Our Panama City Beach logo carries the Florida alligator over “Florida Territory · Est. 1845,” the year Florida became a state — the shared emblem of every Merlin Classics Florida town. Printed in clean retro black-and-white that reads like an old crate label, the alligator stands for Florida as a whole; what makes this one Panama City Beach is everything behind it — the neon Miracle Strip and the Starliner’s wooden hills, Goofy Golf’s concrete dinosaurs, and the quartz-white sand and emerald water of the World’s Most Beautiful Beaches.
What’s with the Miracle Strip? For half a century the stretch of beach road through Panama City Beach was the Miracle Strip — a glorious tangle of neon, putt-putt, surf shops, and old-Florida kitsch, anchored by an amusement park. The Miracle Strip Amusement Park opened on Memorial Day weekend in 1963 around the Starliner, a wooden out-and-back roller coaster that was the first ever built in Florida.
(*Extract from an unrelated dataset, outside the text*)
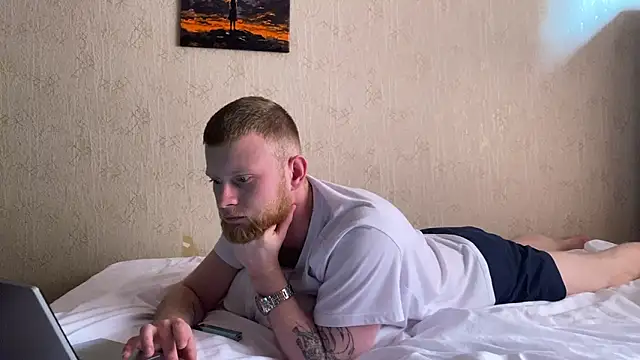 Snapshot of Adam_ice chatting on April 1, 6:36 am Adam ice online show from April 1, 6:36 am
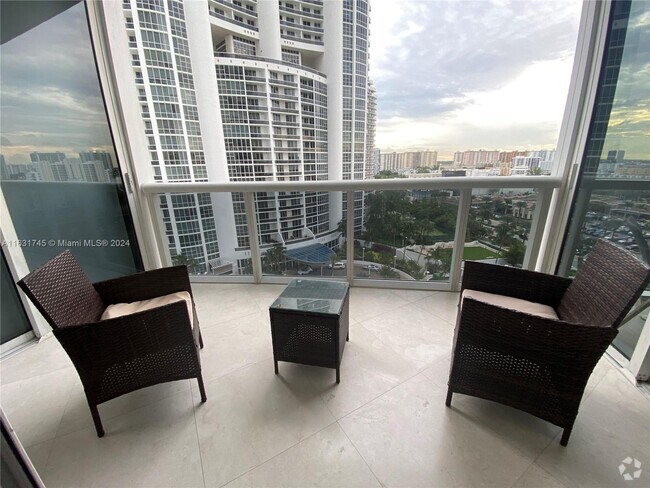 Building Photo - 18201 Collins Ave Unit 1207 Rental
For forty years the Starliner’s white wooden hills were the skyline of the beach; in 1980 someone rode it for 336 straight hours and set a world record. The park closed in 2004 and the coaster was hauled away, but the name still means something here: the Miracle Strip is shorthand for old, neon, unpretentious Florida fun.
Why People Visit Panama City Beach
Panama City Beach rewards visitors who want bright white sand, warm emerald water, and an unpretentious good time, with a thread of retro neon still running through it. Add the piers, Shell Island, and the year-round Gulf sun, and the World’s Most Beautiful Beaches make their own case.